ダンジョン内の魔族のコンディションは兵站線を確保する上で重要だ。そして、彼らが良いコンディションで戦えるようにするためには様々な品が必要になってくる。
食料と水は当然。マットもあった方が休みやすい。医療品は回復魔法使いたちが80階層に移動し、70階層に残された魔族たちにとって必要だ。衛生グッズは体の不快感を抑え、また気持ちよく戦えるようにできる。
久隆はあまり多くの災害非常食を同じサイトから購入して怪しまれるのを避けるために、別々のサイトからこの手のグッズを入手した。

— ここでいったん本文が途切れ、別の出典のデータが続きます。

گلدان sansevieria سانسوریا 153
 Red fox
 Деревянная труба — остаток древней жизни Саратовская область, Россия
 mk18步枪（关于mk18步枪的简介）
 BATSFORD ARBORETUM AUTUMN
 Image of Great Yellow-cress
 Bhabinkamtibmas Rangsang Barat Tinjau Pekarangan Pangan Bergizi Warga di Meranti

荷物は2日後に届けられ、久隆は生体認証を行って荷物を受け取った。
「何が届いたの?」
「魔族たちへの補給物資だ。今日のうちに届けに行こうと考えている」
「一緒に行くのね!」
「ああ。ダンジョンの魔物が再生成されている可能性もある。全員で行くぞ」
久隆たちは荷物を抱えて、ダンジョンに潜った。
70階層、80階層ともなるといくだけで一苦労だ。だが、この長い道のりをこれから何度も掃討しなければならない魔族たちのことを考えれば、これぐらいの労働は何ともない。久隆たちは地下に潜り続ける。
「ああ! 久隆様! どうなさいました?」
「物資の補給だ。食料と水。それからいろいろとある」
久隆はまずは70階層で荷物を分けて配布する。
「……これは?」
「マットだ。休む時に使ってくれ」
ファミリーキャンプ用の大型マットを数枚、久隆は魔族たちに手渡した。
「……これは?」
「アルコール消毒ができる使い捨てのタオルだ。体を拭くのに使える」
魔族たちは見慣れない品をまじまじと眺める。
「それから医療品。包帯に消毒液。これの使い方は分かるだろう」
「ええ。助かります、久隆様」
医療品は魔族たちも見慣れた品だった。
「では、80階層にも荷物を配ってくるが、80階層から何か連絡は?」
「拠点が完成したとだけ。ついさっきです」
「では、魔物は再生成されていないな」
久隆たちは安心して80階層に降りていった。
「久隆殿。偵察報告はまだだが……」
80階層ではアガレスが久隆を出迎えた。
「物資の補給だ。いろいろと持って来たので使ってくれ」
久隆はマットや衛生グッズなどをアガレスに渡す。
「これは……。ありがたい! 久隆殿のおかげで我々は戦意を保てるだろう!」
「そうであれば支援した甲斐があるというものだ」
魔族たちは未知のエリアに踏み込むのは偵察部隊だけだが、久隆たちはその偵察部隊に助けられているし、後方の兵站線の維持も任せている。魔族が万全なコンディションにあるということは久隆にとっても望ましいことなのだ。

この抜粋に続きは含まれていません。